Wild Format Guide 2016-13: Colours & Control for Designers

gamutwSoon after the introduction of the Apple Macintosh, PCs and desktop publishing software, efforts began to help users to manage and control how colours were reproduced in print and publishing workflows. We’re talking about the mid-1990s, and it’s probably fair to say it took some ten years to get modern colour management and the use of ICC-profiles to work properly. But since about 2000, all the important tools have been in place to manage colours, both on screen (on your monitor), in the camera, on the colour printer – and on press. And yet it seems that this knowledge hasn’t been fully imparted to those who need it: designers and photographers.

Vox populi

No longer is the artwork, which is the basis for final prints, prepared by specialists at a repro house or in the printer’s prepress studio. Designers and layout operators at an ad agency or working as freelancers for a string of clients have undertaken the role of preparing and clearing the artwork before sending it off for print. But still too often a deeper knowledge of applied colour management is either missing, or a bit shaky, to say the least.

Colour management is looked upon as some kind of strange black magic that only a few wizards seem to be able to cope with. This perception is unfortunate, because colour management is today a well-established and practical science. It is entirely possible, albeit not always very simple, to understand and apply.

The benefits of mastering basic colour management are clear. At the very least, you will be able to see the final colours on screen before you send off the artwork to be printed. Any mismatch later on regarding proofs or sample prints can be dealt with early in the process, so inferior or unexpected prints should never happen. In other words, applying proper colour management in the design stage is a sound measure and a means of applying serious quality control. Doing so will save you time and money day to day, and will remove a lot of guesswork and hassle, not to mention stress, from your daily work.

Picture this

If we start with the images, it’s important to decide at the start what colour space in RGB you would prefer the images to be saved in. The most common choices are sRGB and Adobe RGB. While many consumer cameras save the images in sRGB, this is actually a quite small colour space, so it is not suitable for high end print production. The misconception has spread that sRGB is the best standard RGB colour space because so many consumer photo print systems are setup to receive and print from sRGB. A far better choice is Adobe RGB, since it has a larger colour gamut. This means it can describe more colours and so will allow you to get the most out of your photos, regardless of the printing process you choose. Many large format printers have a gamut that is actually much larger than that of conventional offset. Printers we have tested from HP, EFI and Mimaki can actually have as much as double the gamut, so it is a waste of quality to reduce the available gamut to that of sRGB.

Raw pix

Many photographers use Camera RAW to capture the maximum gamut and image depth possible with a professional, high end digital SLR camera. But after processing the image, applying retouch and editing the image, it has then to be saved in a file format and gamut that can be used in the print and publishing workflow. Typically, this will be as Adobe RGB.
Your next step is to view the images and artwork on a colour calibrated monitor. Most of the high-end monitors today can reproduce the gamut of Adobe RGB. This also means they can simulate the colours in print, since most printing processes have a smaller colour gamut than that of Adobe RGB. The Adobe Creative suite can be set to simulate the perceived colours of the final prints on screen. You just apply the ICC profile suitable for the print process, or printing device, of your choice. If you are not sure what ICC profile to use, just ask your contracted printer – probably their prepress manager will be the one who helps you here – and activate the correct ICC profile in InDesign, Photoshop, Illustrator and Acrobat. From now on the artwork will be colour managed. Even spot colours will be correctly rendered on your monitor, at least 90-95% of them, depending on the quality of your monitor, and how carefully you have calibrated it.

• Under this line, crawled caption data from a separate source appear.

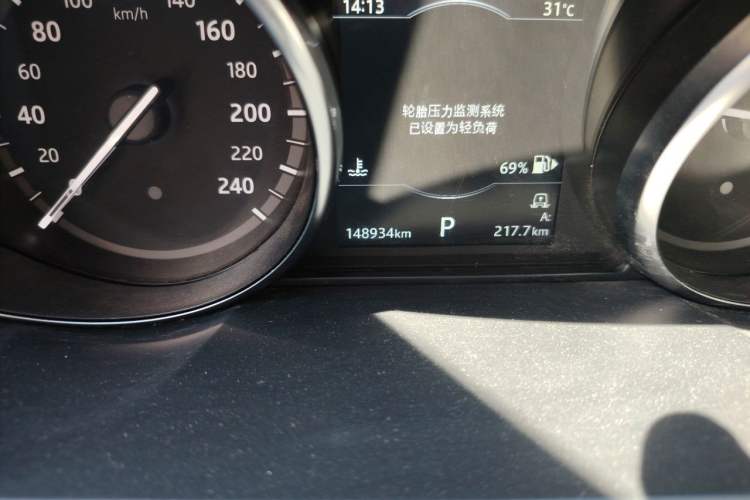 Used Land Rover Discovery 2018 2.0T SE Odometer Close Up
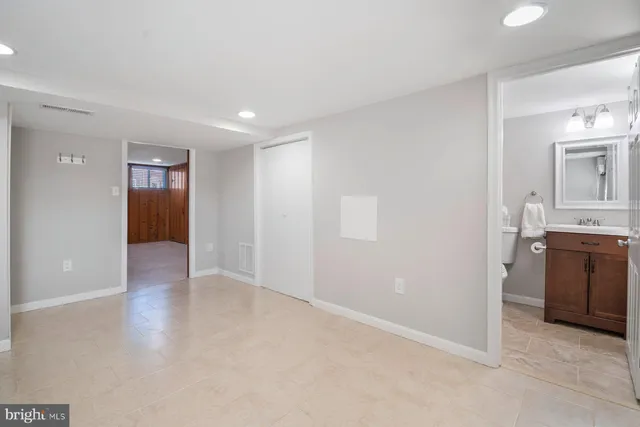 $2,500 | 934 Palladi Drive, Halethorpe, MD 21227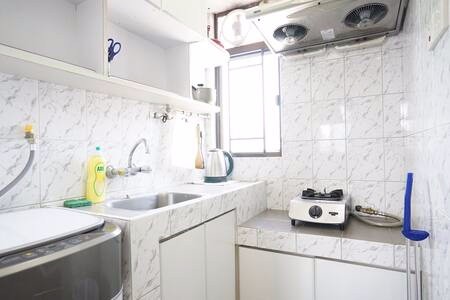 Share Flat! 2BR High Lv@ Mongkok MTR Argyle St. - 旺角/油麻地 - 房間 (合租／分租) - Homates 香港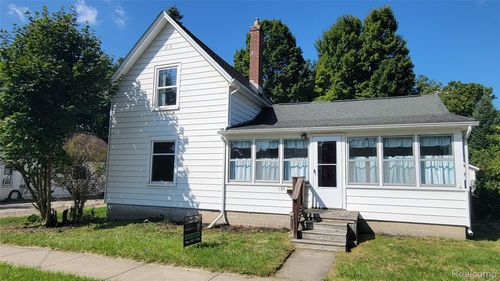 135 Handley St, Imlay City, MI, 48444-1050 | Card Image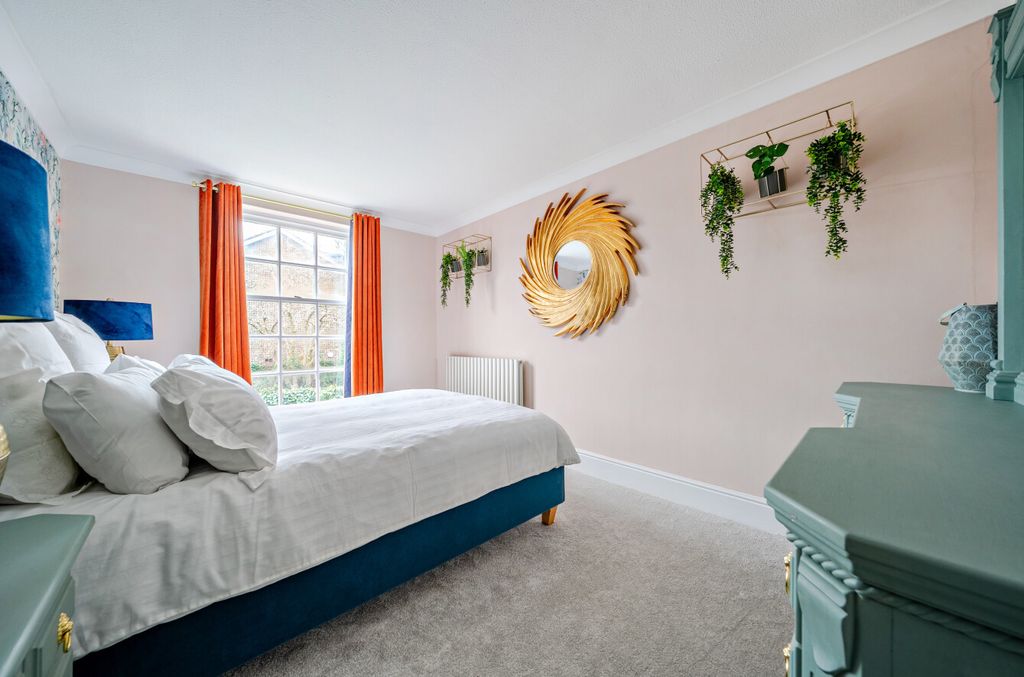 Additional image 14 of 4 bed flat for saleLower Quay, Fareham, Hampshire PO16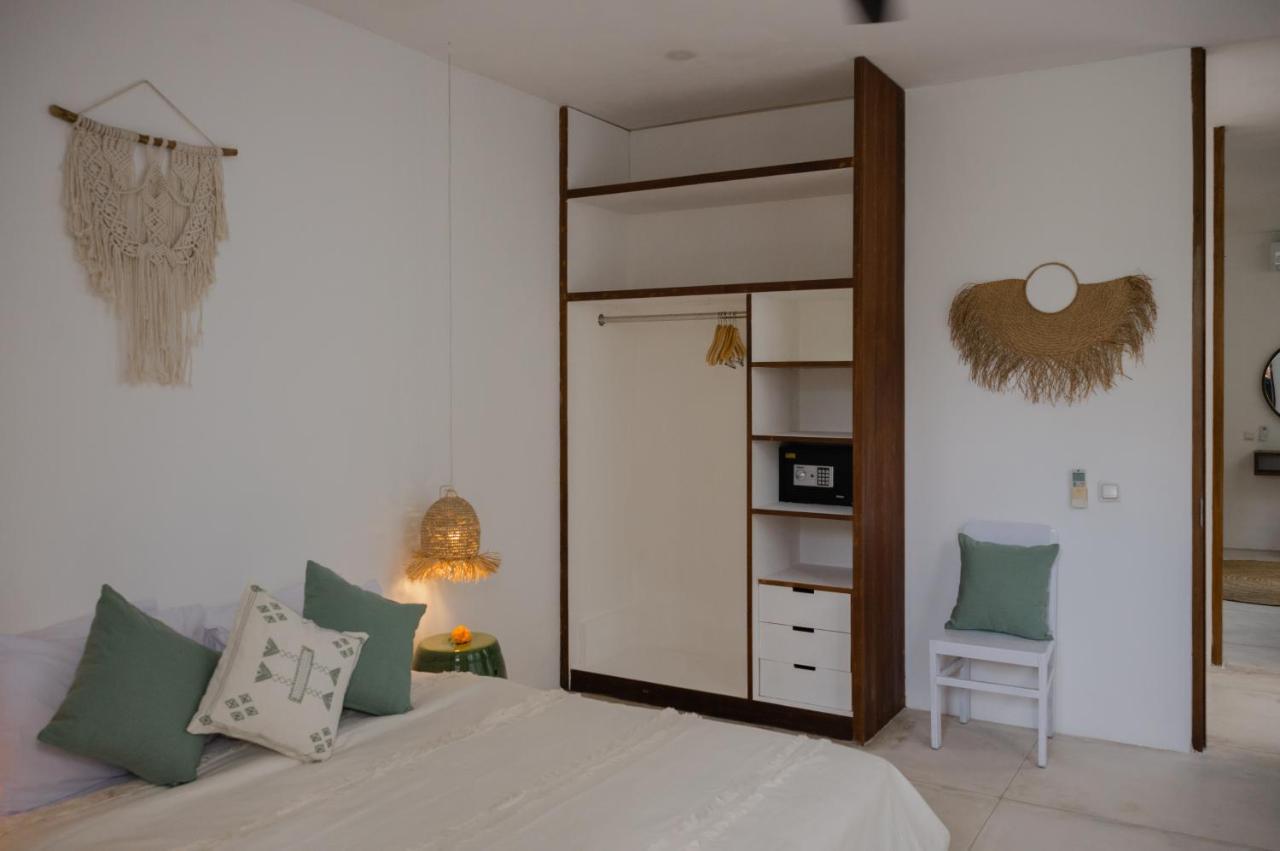 The Bed By The Sea Bed & Breakfast Canggu  Exterior photo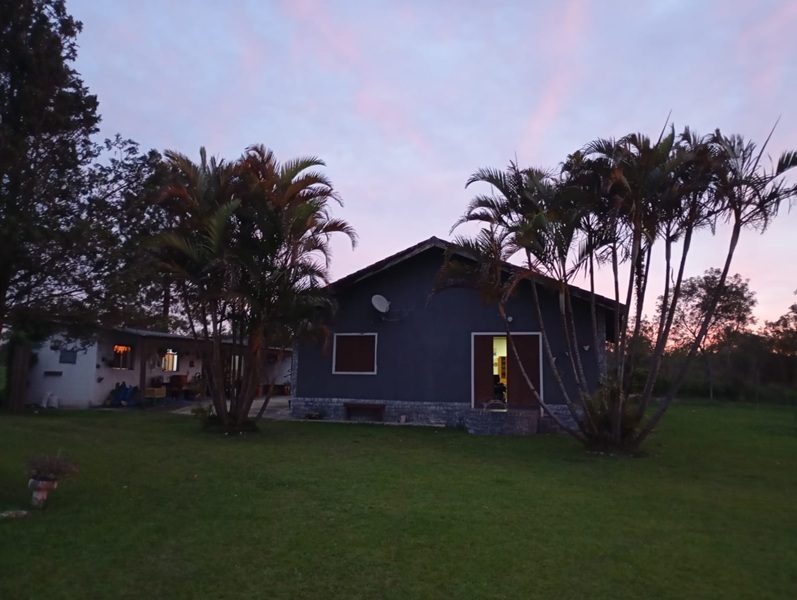 Chácara para alugar em taiaçupeba – fundo para represa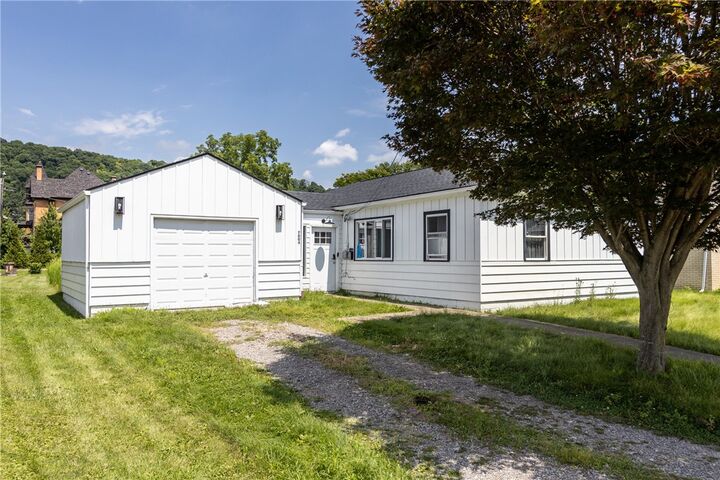 Property Photo:  7004 Grand Ave  PA 15225 
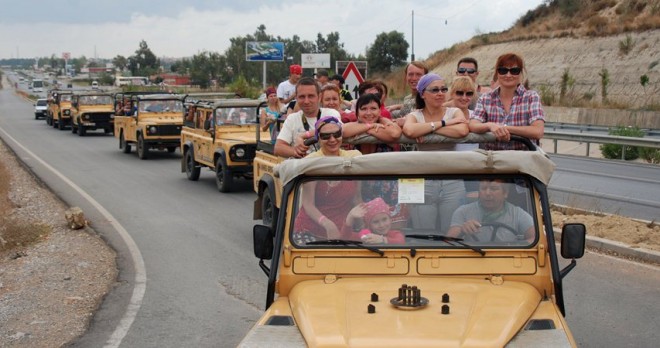 Side Jeep Safari Tour – Adventure, Nature & Green Lake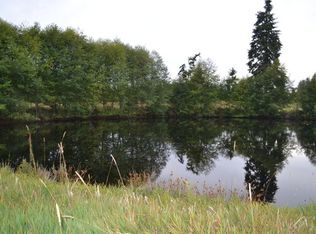 261 E Sleeper Rd, Oak Harbor, WA 98277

The next step is to produce colour proofs of your artwork to get approval both for content and colour accuracy – and here we have the really good news. Since the introduction of colour printers using seven or more inks in the ink setup, some 98% of spot colours can be correctly reproduced with an inkjet printer. By using the standard process colours, CMYK plus additional extended colours, typically Orange, Green and Violet, the gamut in such a colour printer can achieve a gamut very close to that of Adobe RGB. Violà! You can see accurate colours on your high quality monitor, and you can proof them on a high quality printer. Goodbye to guesswork and anxiety regarding the final colours in print.

You can now focus on the creative side of the design and artwork production, and know that the colours you see on screen will also be printed in a colour-accurate way. You don’t have to be a practitioner of black magic to achieve this. And you don’t need to have a degree in colour science. The tools are all there for you to apply. The software is ready, all you need is a good monitor and a calibration device, typically a colorimeter. But none of these are particularly expensive and you will save much more in time savings and shortened lead times, as well as improve quality. Find a good consultant or technology provider to help you establish this. And only work with wide format digital printing companies that have a proven track record, and know how to print according to standards. Ideally they should even have a certificate that proves it.